» **Task brief**
Every line from the one containing "Portable Folding Camping" to the end of the data below should be copied exactly, but pictures should not.

» **Entries shown**
+++
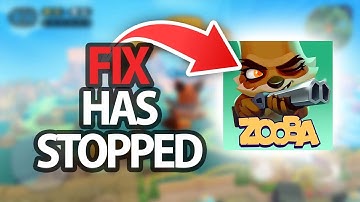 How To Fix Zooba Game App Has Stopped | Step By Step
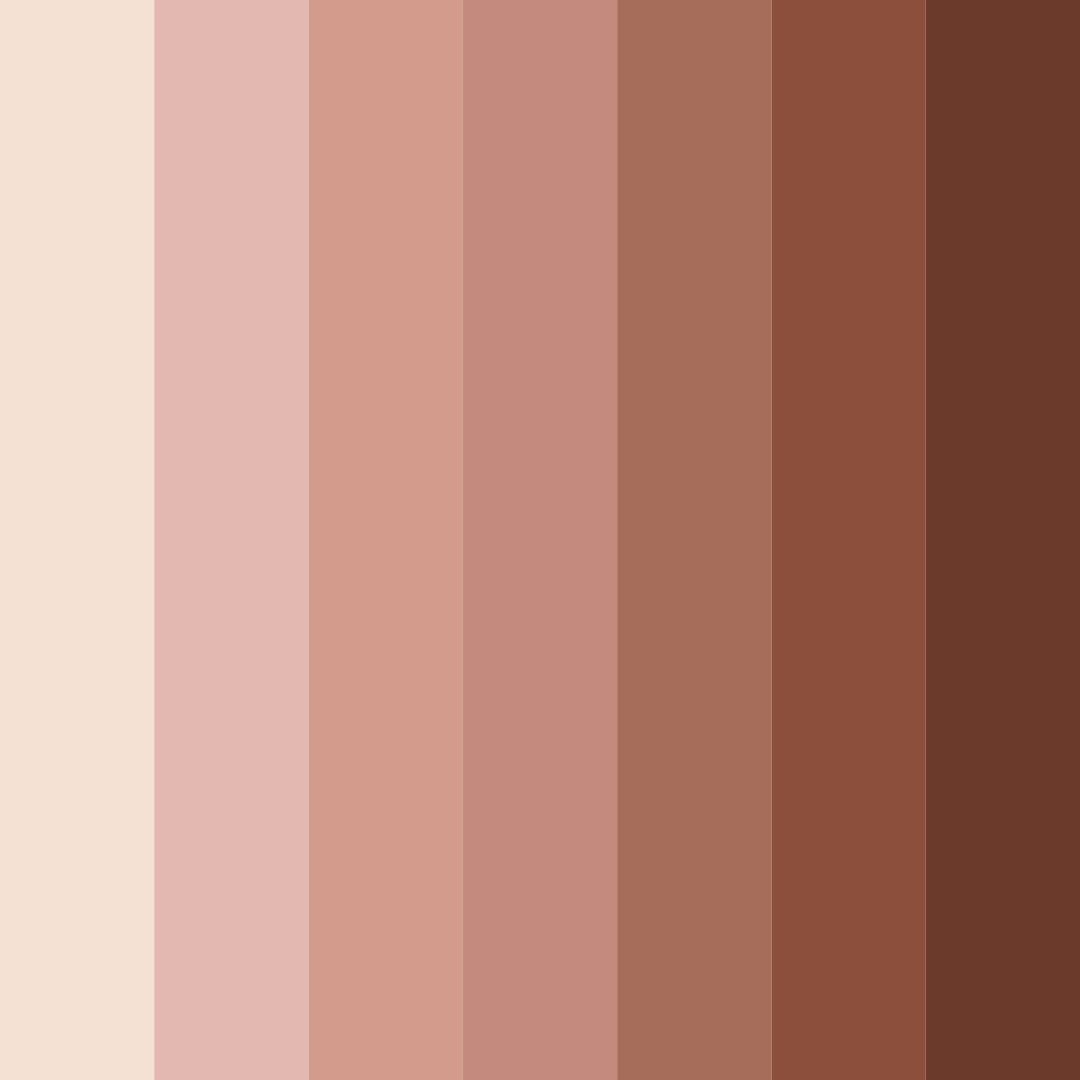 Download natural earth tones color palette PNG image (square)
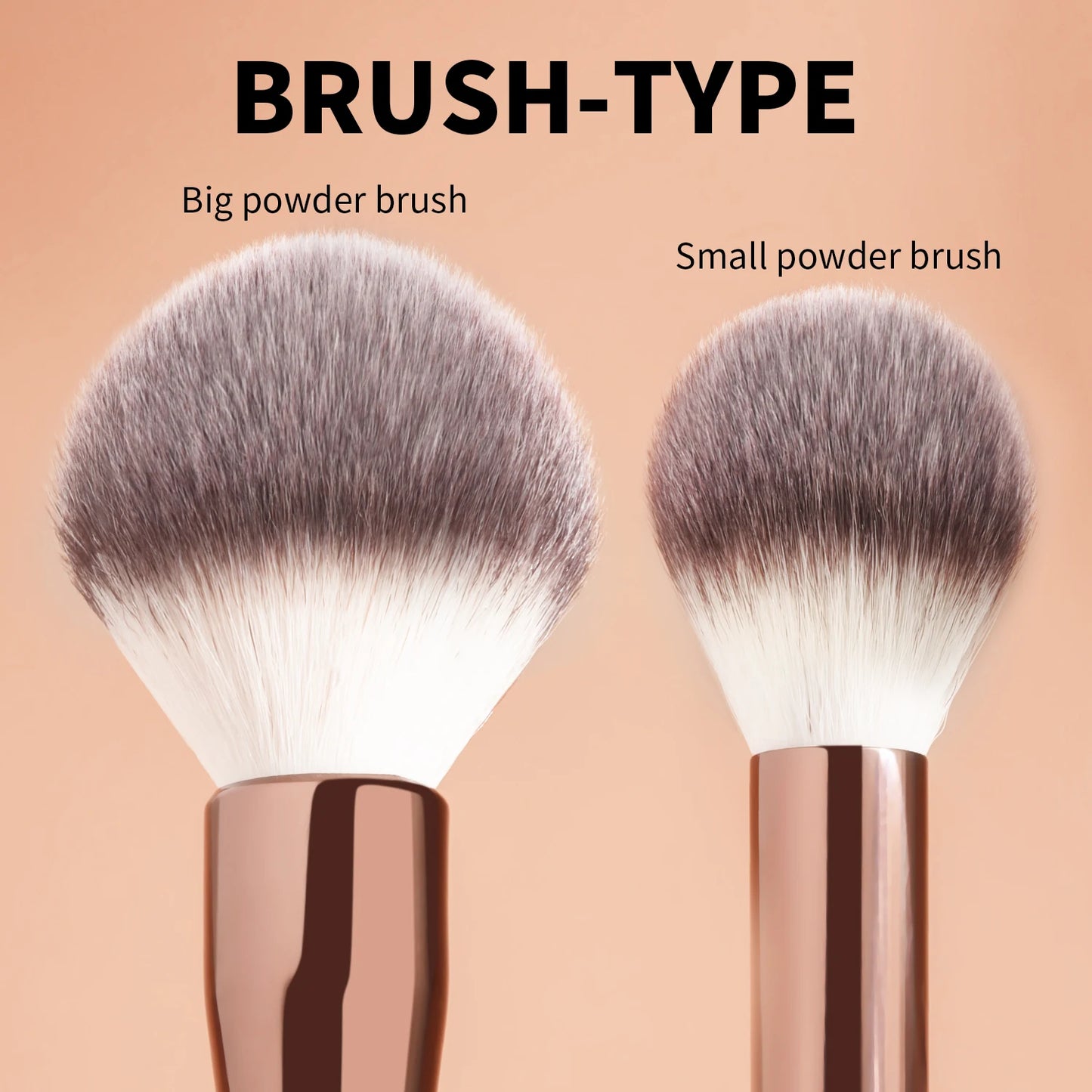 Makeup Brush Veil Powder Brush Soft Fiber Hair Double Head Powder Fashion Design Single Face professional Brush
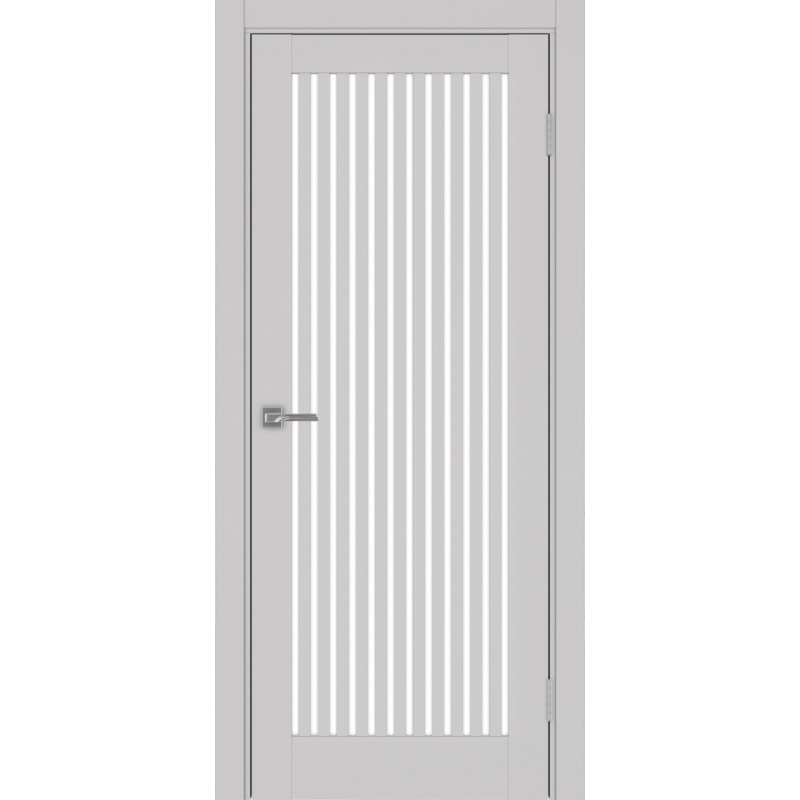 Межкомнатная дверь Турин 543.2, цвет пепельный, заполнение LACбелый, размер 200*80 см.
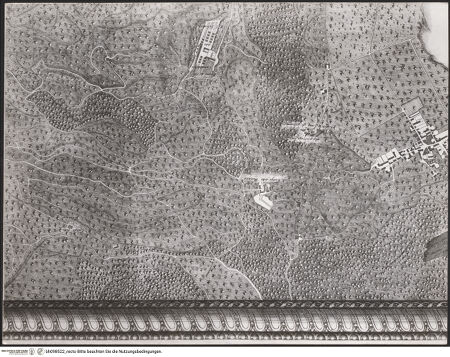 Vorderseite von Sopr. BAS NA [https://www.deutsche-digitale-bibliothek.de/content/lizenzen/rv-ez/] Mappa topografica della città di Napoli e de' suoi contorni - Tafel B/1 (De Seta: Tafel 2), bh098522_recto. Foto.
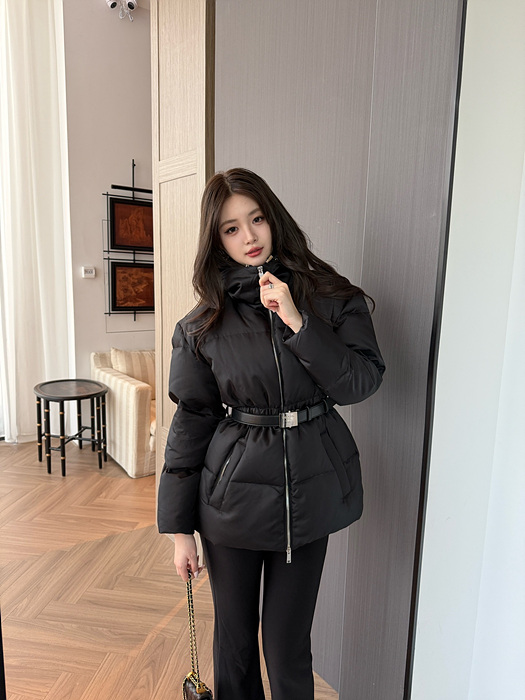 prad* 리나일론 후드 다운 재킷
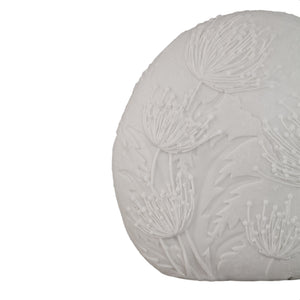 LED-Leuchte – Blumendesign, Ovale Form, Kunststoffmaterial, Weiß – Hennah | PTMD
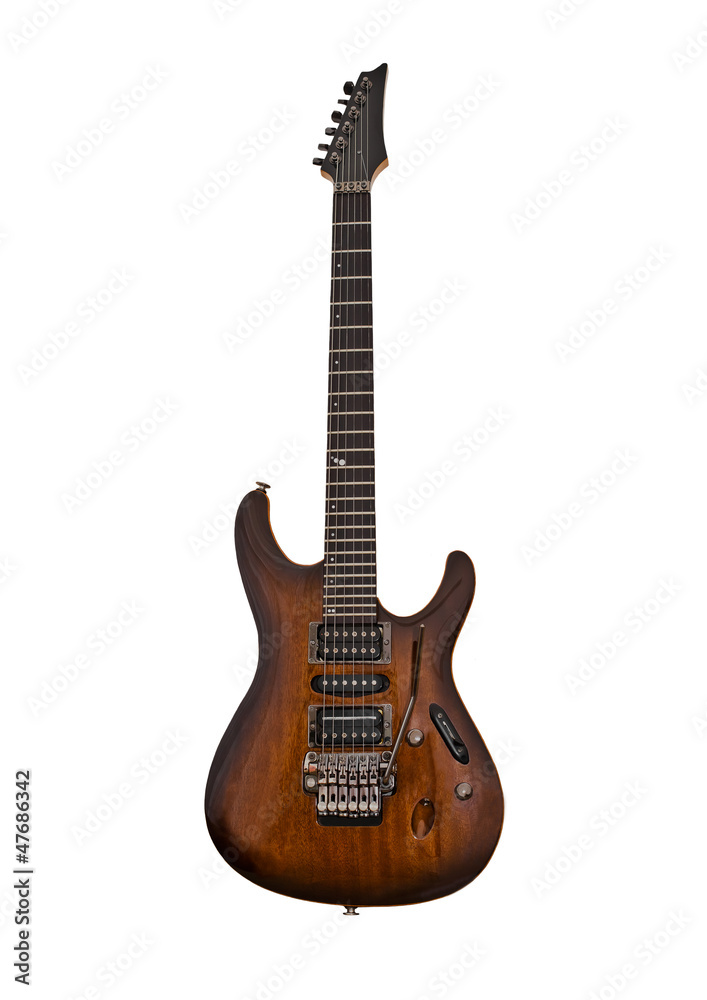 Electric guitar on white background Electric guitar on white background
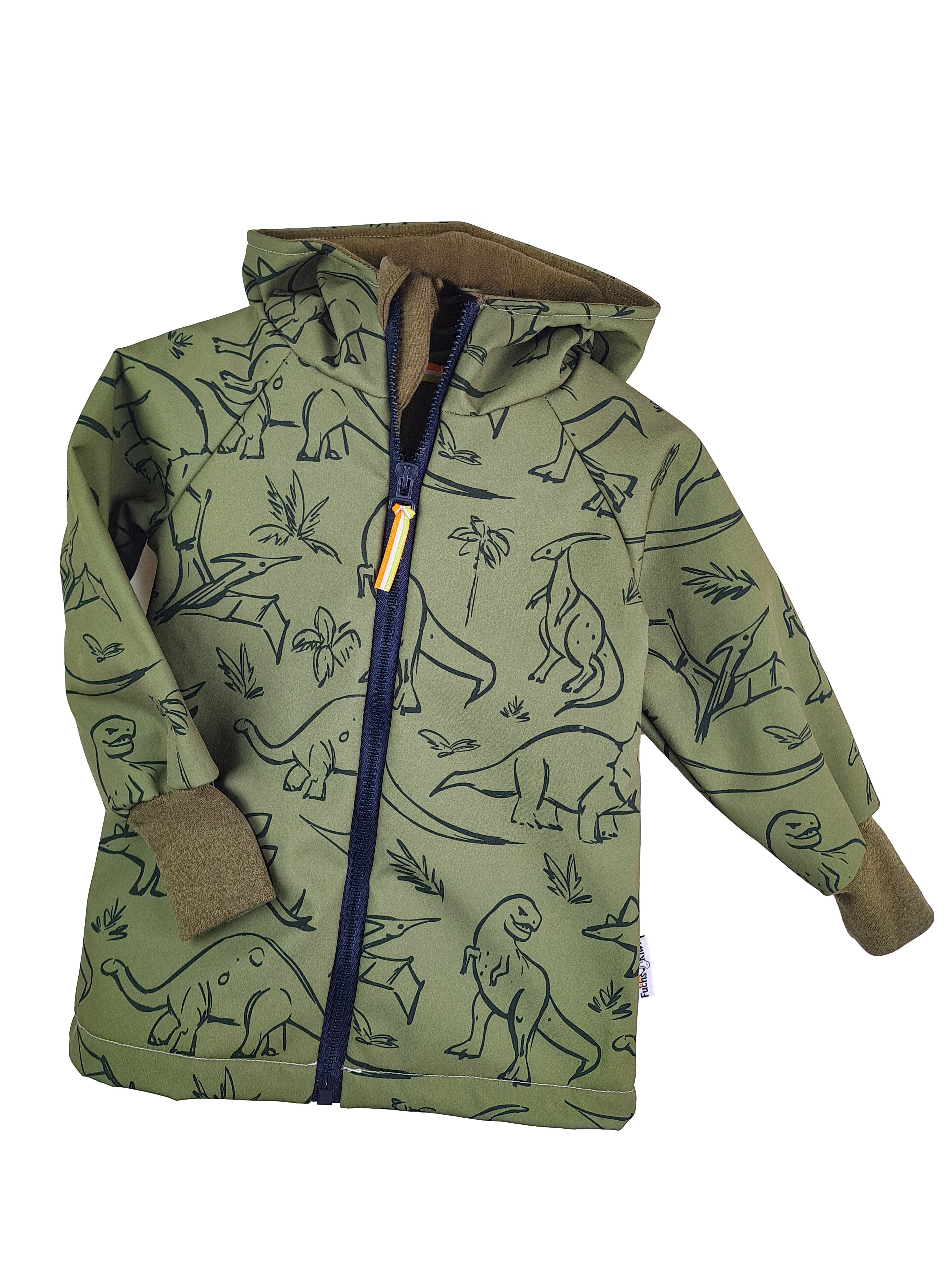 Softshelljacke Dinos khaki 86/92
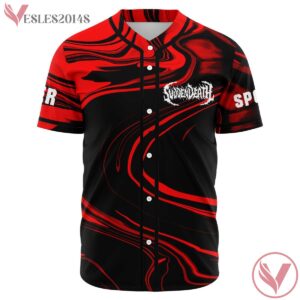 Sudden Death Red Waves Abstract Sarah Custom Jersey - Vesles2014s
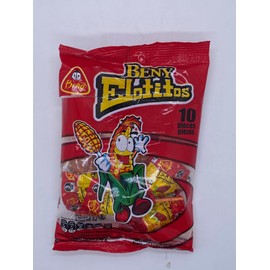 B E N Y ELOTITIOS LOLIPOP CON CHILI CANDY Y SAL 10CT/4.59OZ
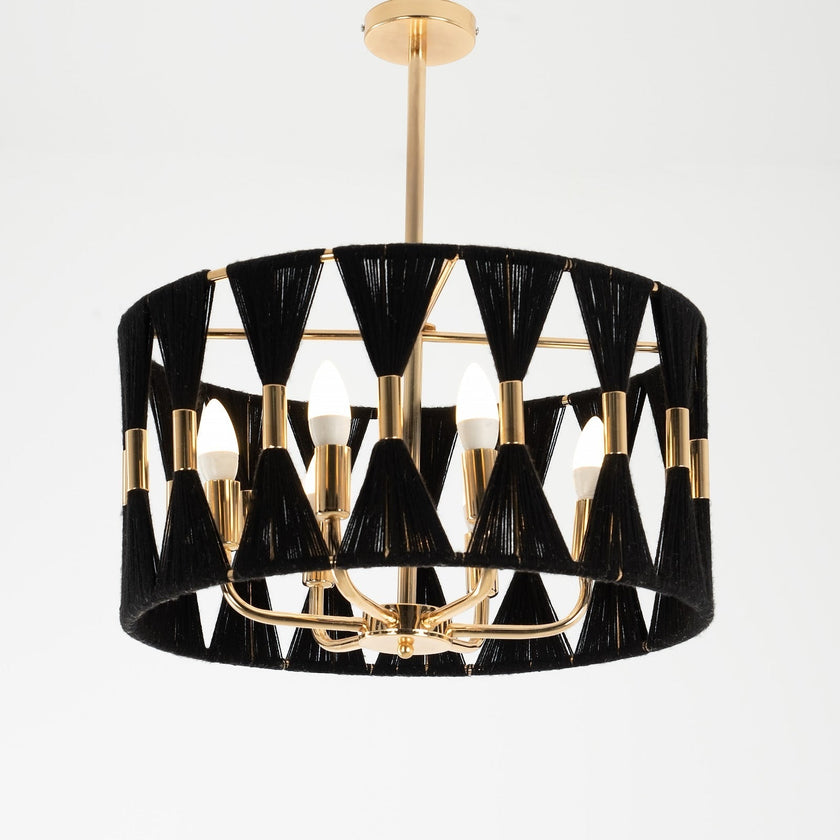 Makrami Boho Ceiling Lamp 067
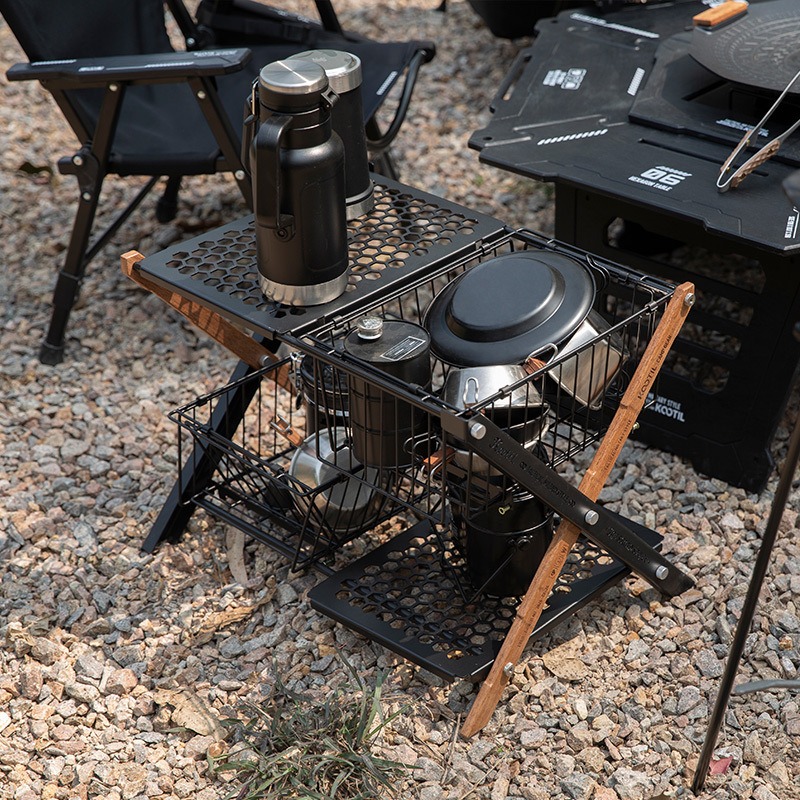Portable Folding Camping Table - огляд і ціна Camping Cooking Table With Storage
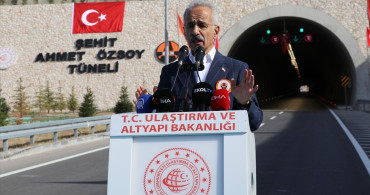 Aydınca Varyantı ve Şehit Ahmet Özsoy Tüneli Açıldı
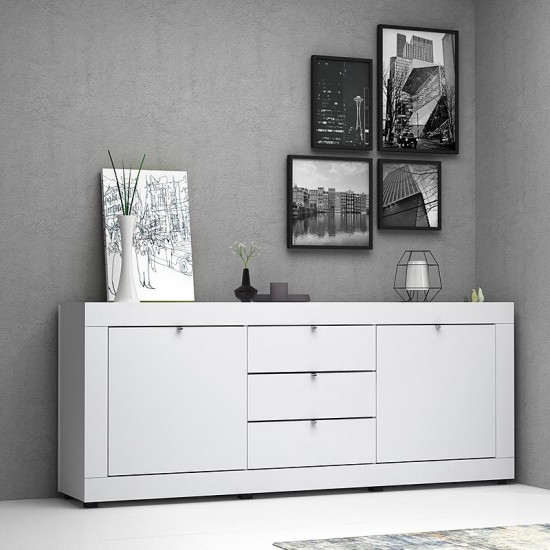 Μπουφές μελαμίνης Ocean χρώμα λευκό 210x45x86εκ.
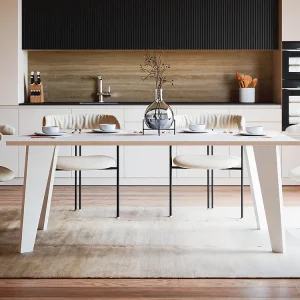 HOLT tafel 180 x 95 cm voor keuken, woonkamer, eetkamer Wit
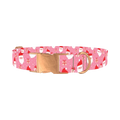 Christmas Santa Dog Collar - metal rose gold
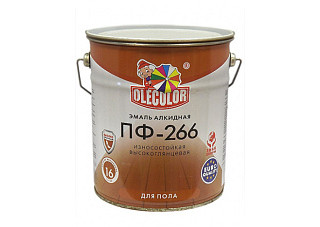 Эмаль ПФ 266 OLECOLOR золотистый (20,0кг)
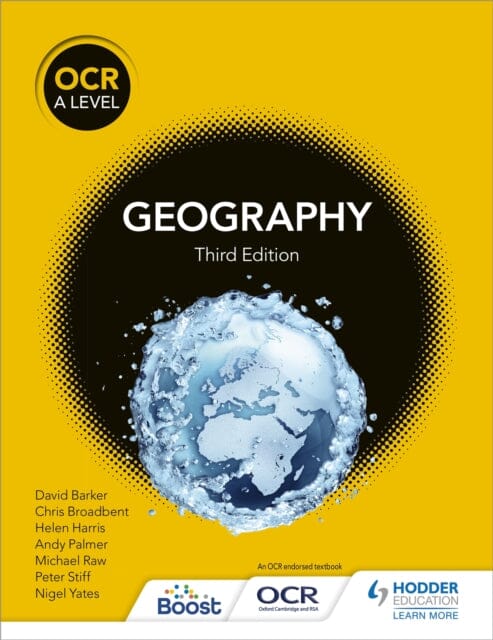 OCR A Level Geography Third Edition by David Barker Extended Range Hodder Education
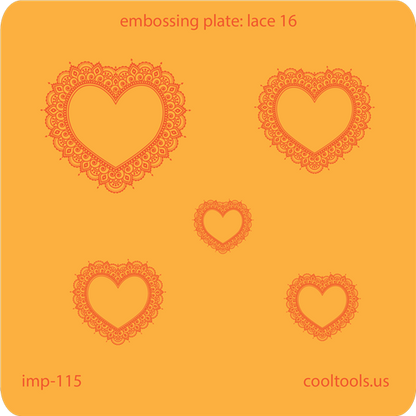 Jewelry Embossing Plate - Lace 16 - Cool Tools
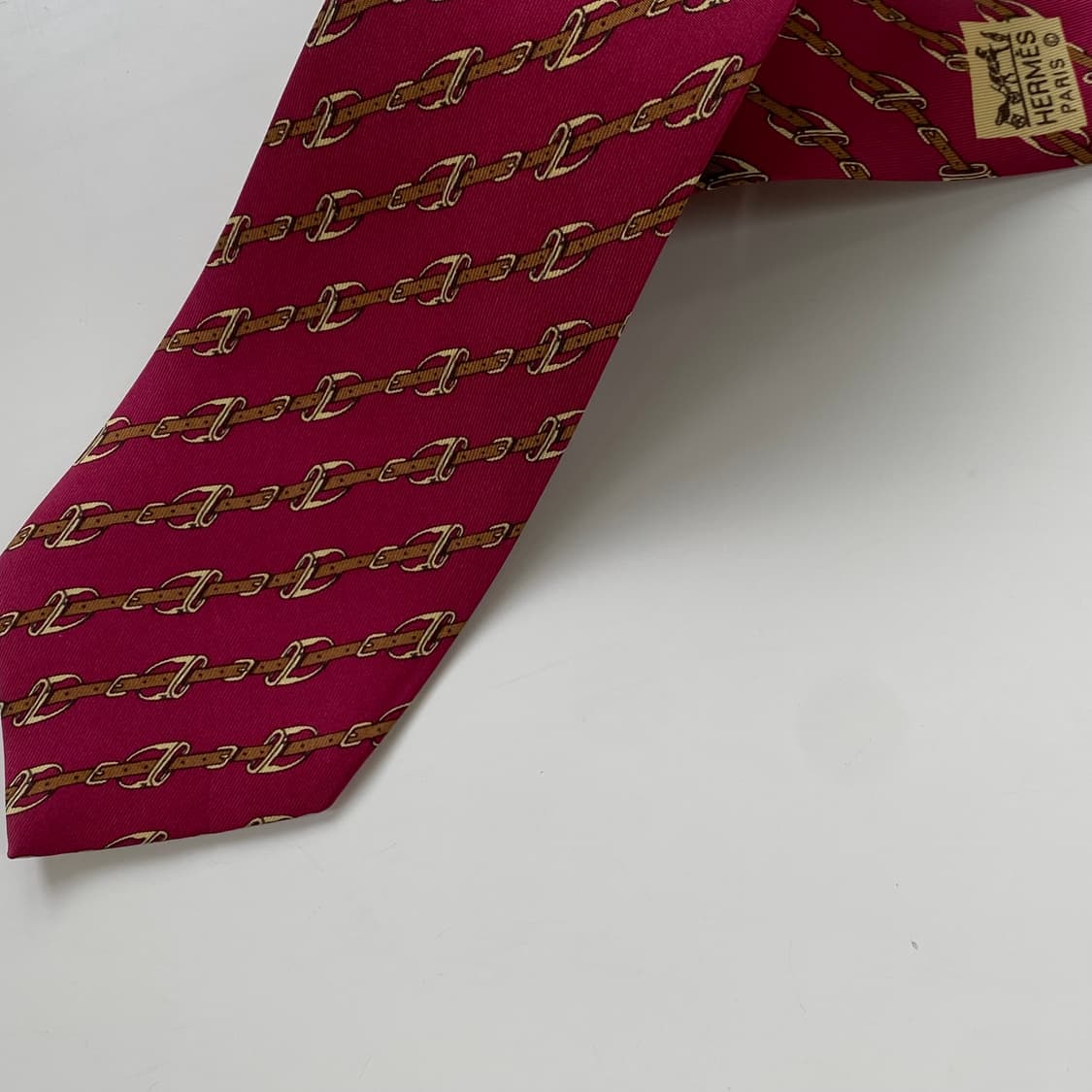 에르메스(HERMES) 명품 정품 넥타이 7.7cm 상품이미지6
+++
» **Answer below**
Portable Folding Camping Table - огляд і ціна Camping Cooking Table With Storage
 Aydınca Varyantı ve Şehit Ahmet Özsoy Tüneli Açıldı
 Μπουφές μελαμίνης Ocean χρώμα λευκό 210x45x86εκ.
 HOLT tafel 180 x 95 cm voor keuken, woonkamer, eetkamer Wit
 Christmas Santa Dog Collar - metal rose gold
 Эмаль ПФ 266 OLECOLOR золотистый (20,0кг)
 OCR A Level Geography Third Edition by David Barker Extended Range Hodder Education
 Jewelry Embossing Plate - Lace 16 - Cool Tools
 에르메스(HERMES) 명품 정품 넥타이 7.7cm 상품이미지6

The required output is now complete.